The immune system has the capacity to “remember” particular viruses and store those details in B memory cells that reside in the lungs to help ward off future infections. But a new study shows the flu virus takes advantage of this and uses the way the memory cells store its details to recognize and kill them, thus wiping out the immune system’s first wave of defense against virus re-infection.
The study, which was led by the Whitehead Institute for Biomedical Research in Cambridge, MA, is published online in a recent issue of Nature.
When a virus enters the body, the immune system sets about creating virus-specific B cells that make antibodies specific to the pathogen so they can bind to it and disarm it.
These memory cells multiply and give off antibodies that slow down virus proliferation and it eventually dies away.
In the case of the flu virus, the immune system then retains a population of virus-speficic B cells in the lungs – they are on “standby” should the virus try to reinfect at a later date.
The memory B cells hold their virus-specific information in high-affinity virus-specific receptors on their cell surfaces, so they are ready to spot and bind to that particular virus when it arrives.
But it seems that their strength is also their weakness, because the flu virus uses this show of arms as a way to locate those very cells, gain entry into them, and set about destroying their antibody factories, and eventually destroy the cells themselves.

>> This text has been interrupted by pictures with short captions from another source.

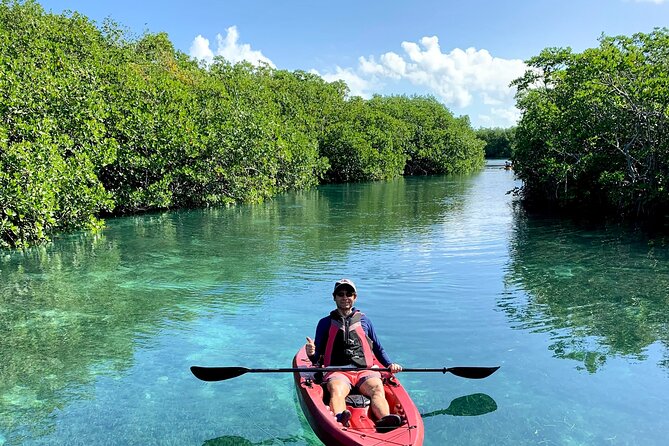 Paddleboard Kayak Tour in Cancun - What the two-hour schedule feels like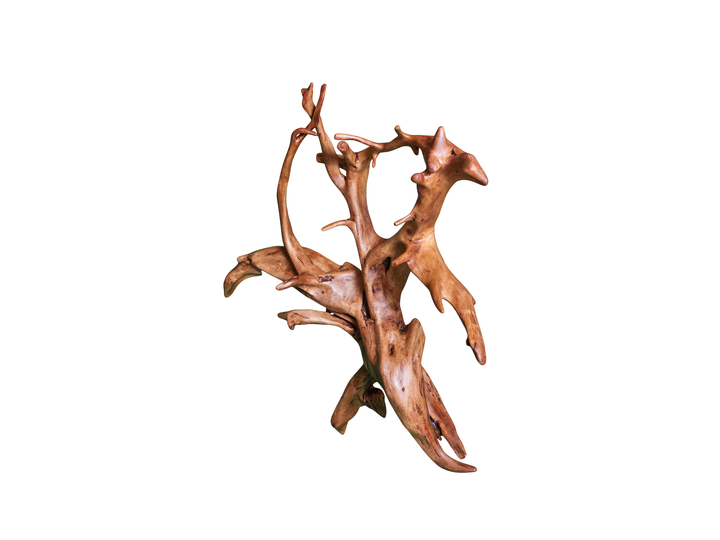 Angled view of oak wall art with extending root structure.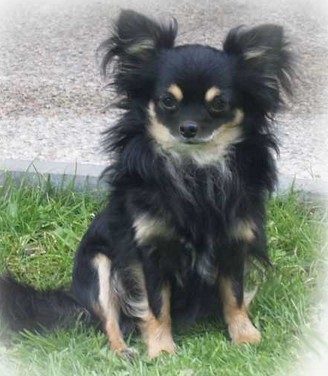 �ivava - ztratil se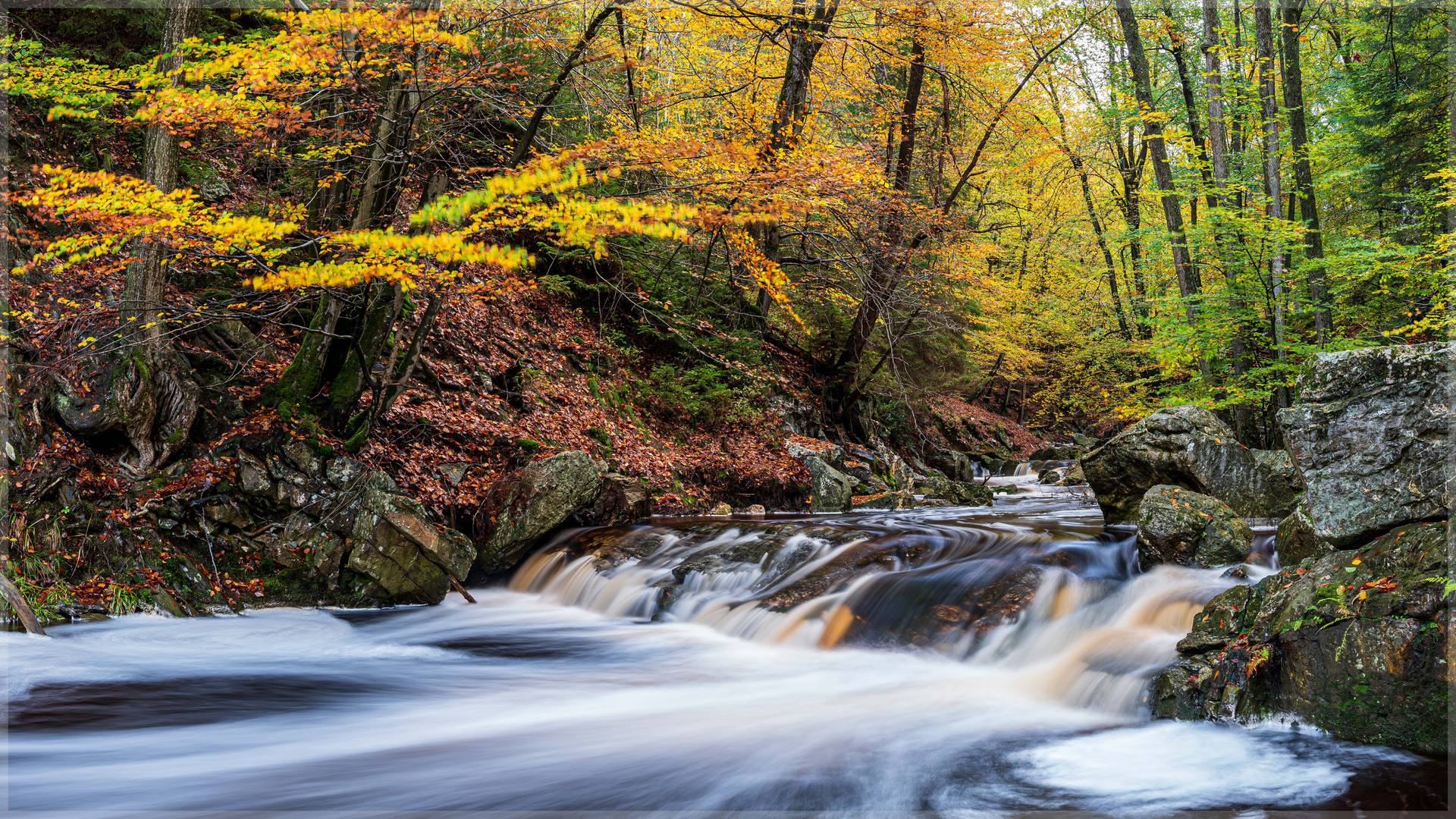 * Farben des Herbstes * 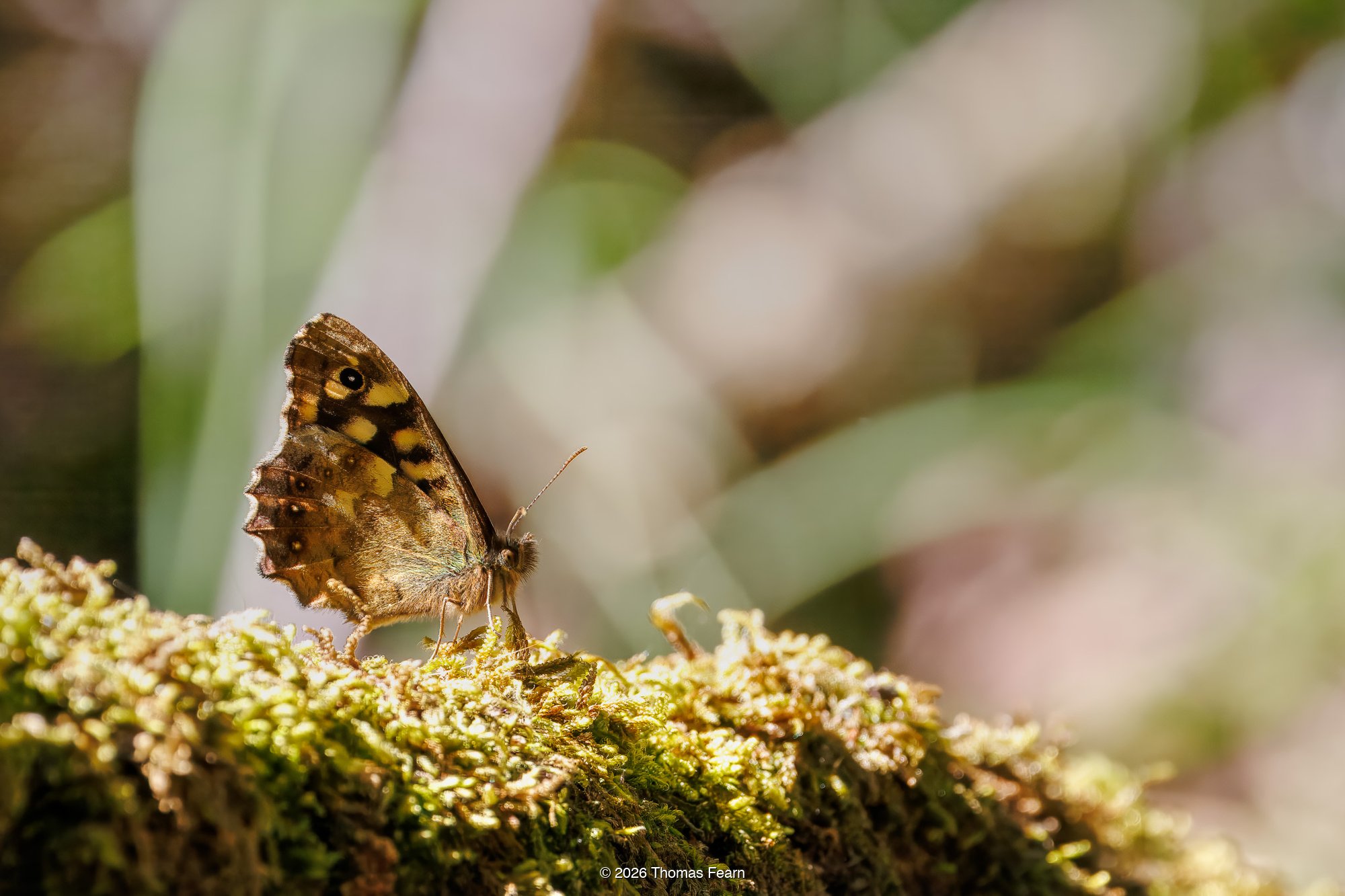 Speckled Wood butterfly on moss
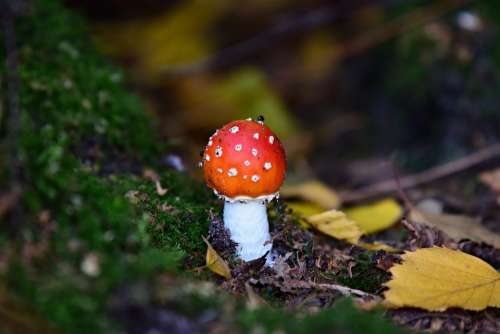 Mushroom Fly Amanita Fungus Spotted Red Forest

Having thus disarmed the immune system’s first line of defense, the virus has now bought enough time to replicate itself to a sufficient level to cause infection before the immune system has time to respond with a second wave.
Study co-author and postdoctoral researcher Joseph Ashour says:
“We can now add this to the growing list of ways that the flu virus has to establish infection.”
To demonstrate this sequence of events, the team used mice they had bred to have B cells that were specific to a particular strain of flu.
The procedures they used were complex, but they enabled them to track the interaction of a specific flu virus with B memory cells in an unprecedented way to establish exactly how the virus neutralizes B cells specific to itself.
The team sees no reason why this might not work for other types of virus, as co-author Stephanie Dougan, also a postdoctoral researcher, explains:
“We can now make highly effective immunological models for a variety of pathogens. This is actually a perfect model for studying memory immune cells.”
Dr. Ashour says the study could lead to more effective vaccines for seasonal flu and may even suggest new ways to create immunity.
Funds from the Cancer Research Institute, the National Institutes of Health, the Pancreatic Cancer Action Network and the Human Frontiers Science Program helped finance the study.
In 2012, researchers from Northwestern University published a study that gave another example of how the flu virus disrupts the immune system. They showed the virus decreases the production of key immune system-regulating proteins by altering the expression of genetic switches in human lung cells.